(Image-caption web data)
____

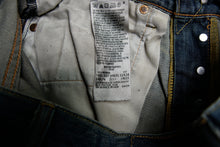 Load image into Gallery viewer, Vintage Levi's Jeans | 32/34
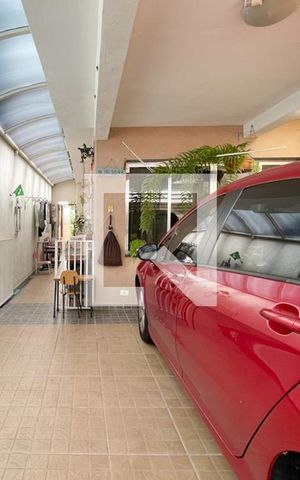 Casa à venda com 200m², 2 quartos e 2 vagas Casa à venda com 200m², 2 quartos e 2 vagasGaragem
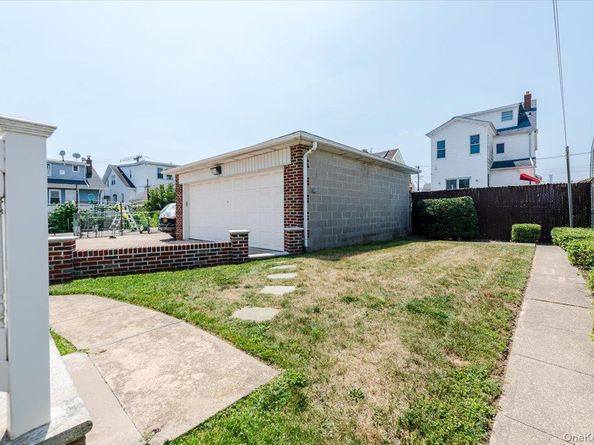 161-40 99th Street, Howard Beach NY 11414
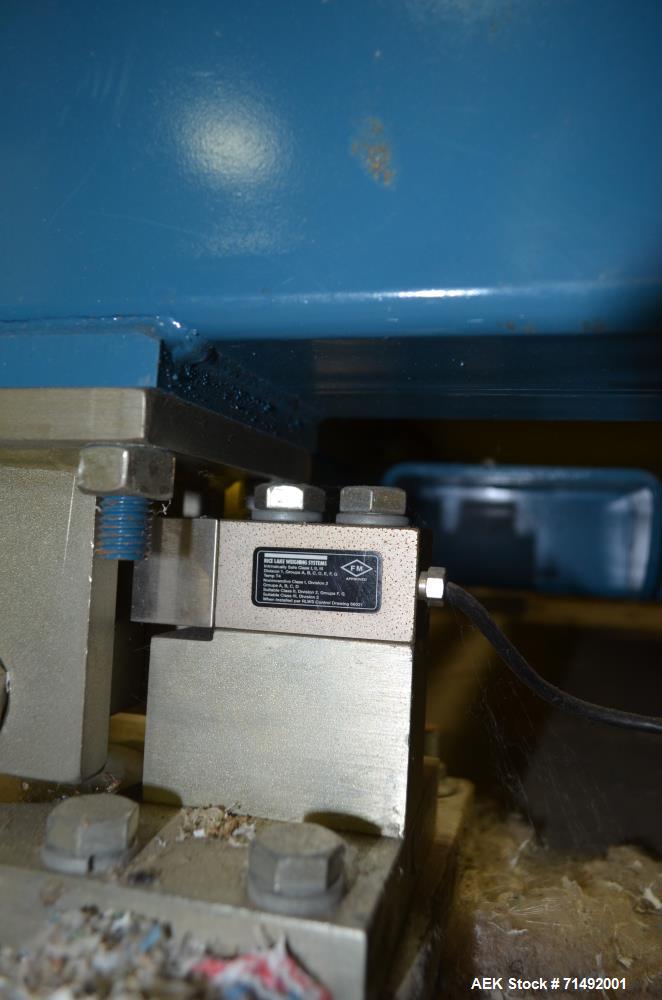 Used Flexicon Bulk Bag Filling System Consisting Of: (2) Twin-Centerpost Bulk Bag Fillers, carbon steel. Manual fill head height adjustment, pneumatically retractable bag hooks, inflatable connector ...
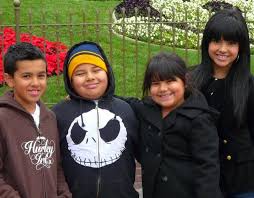 Becky has two brothers, and a younger sister named frankie gomez, alex gomez and stephanie gomez. Family Of Singer Becky G Boyfriend Siblings Parents Bhw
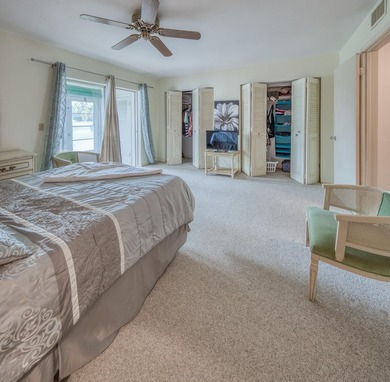 A rarely available 1st floor unit in Murry Hills, a chance for - photo 11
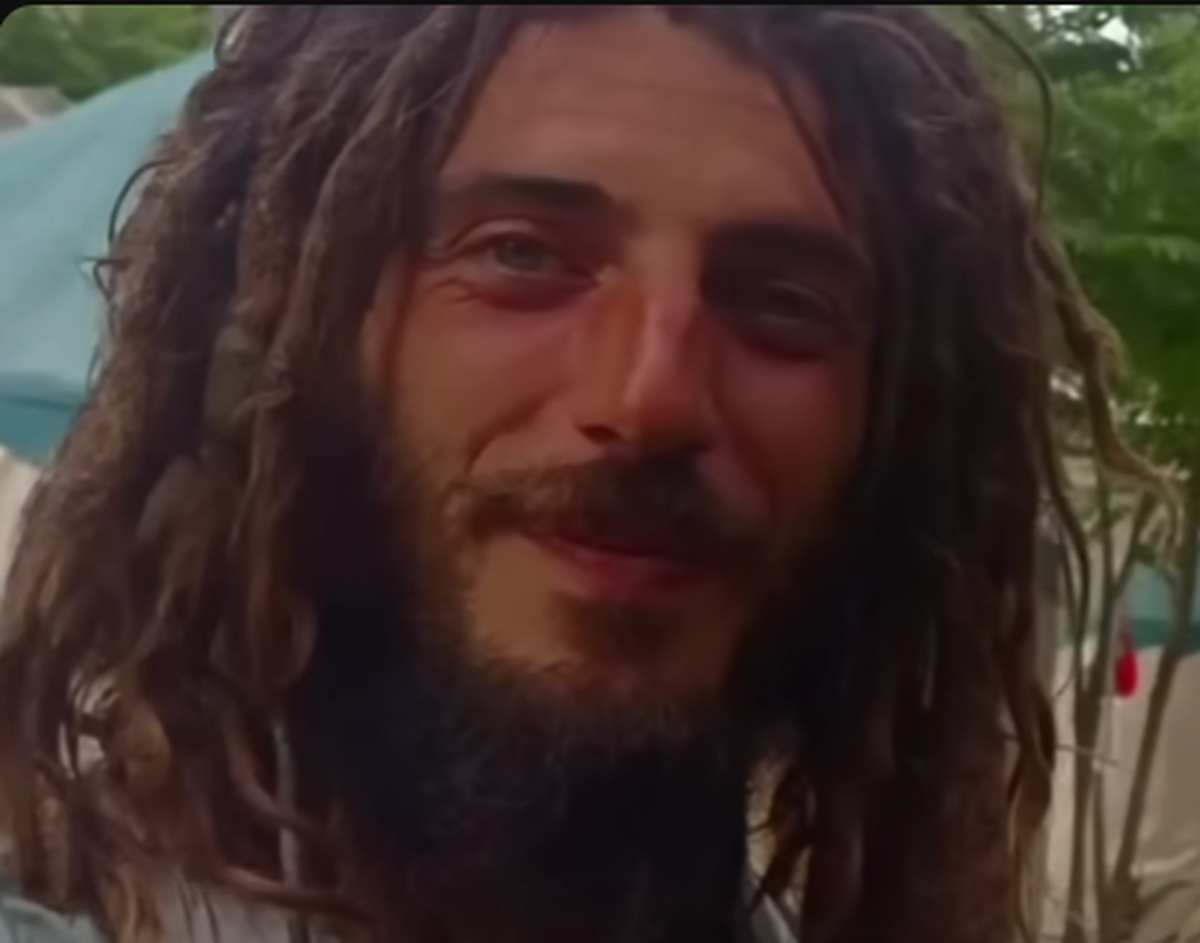 Axel Pons a renunțat la viața de pilot și arată complet diferit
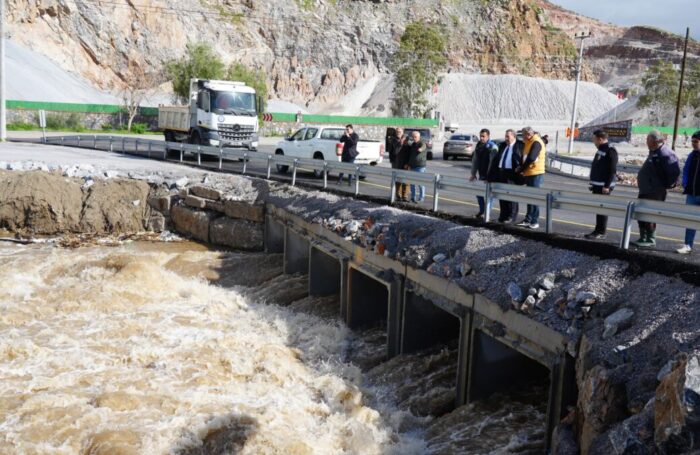 BAŞKAN FEVZİ TOPUZ YOĞUN YAĞIŞTAN ETKİLENEN MAHALLELERİ ZİYARET ETTİ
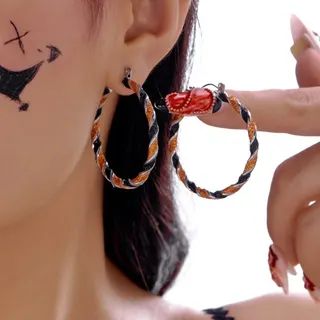 Halloween Black Orange Twisted Hoop Earrings - Gothic Punk Y2K Pumpkin Color-Block Alloy Large Hoops, 4x4cm, Pair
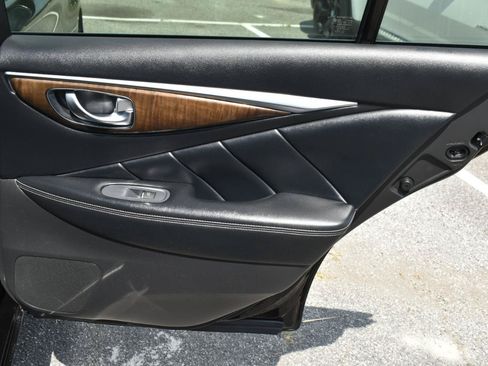 Used 2019 INFINITI Q50 Luxe w/ Essential Package (3.0T Luxe) RWD image 37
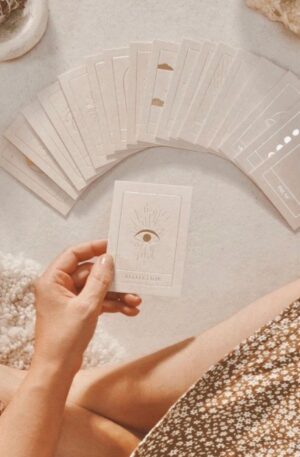 TAROT - 3 Preguntas + Energías del Mes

____

AIM OF THE EXERCISE ->
Each of the lines above should be transcribed exactly; no image is to be copied.

SOLUTION ->
 Load image into Gallery viewer, Vintage Levi's Jeans | 32/34
 Casa à venda com 200m², 2 quartos e 2 vagas Casa à venda com 200m², 2 quartos e 2 vagasGaragem
 161-40 99th Street, Howard Beach NY 11414
 Used Flexicon Bulk Bag Filling System Consisting Of: (2) Twin-Centerpost Bulk Bag Fillers, carbon steel. Manual fill head height adjustment, pneumatically retractable bag hooks, inflatable connector ...
 Becky has two brothers, and a younger sister named frankie gomez, alex gomez and stephanie gomez. Family Of Singer Becky G Boyfriend Siblings Parents Bhw
 A rarely available 1st floor unit in Murry Hills, a chance for - photo 11
 Axel Pons a renunțat la viața de pilot și arată complet diferit
 BAŞKAN FEVZİ TOPUZ YOĞUN YAĞIŞTAN ETKİLENEN MAHALLELERİ ZİYARET ETTİ
 Halloween Black Orange Twisted Hoop Earrings - Gothic Punk Y2K Pumpkin Color-Block Alloy Large Hoops, 4x4cm, Pair
 Used 2019 INFINITI Q50 Luxe w/ Essential Package (3.0T Luxe) RWD image 37
 TAROT - 3 Preguntas + Energías del Mes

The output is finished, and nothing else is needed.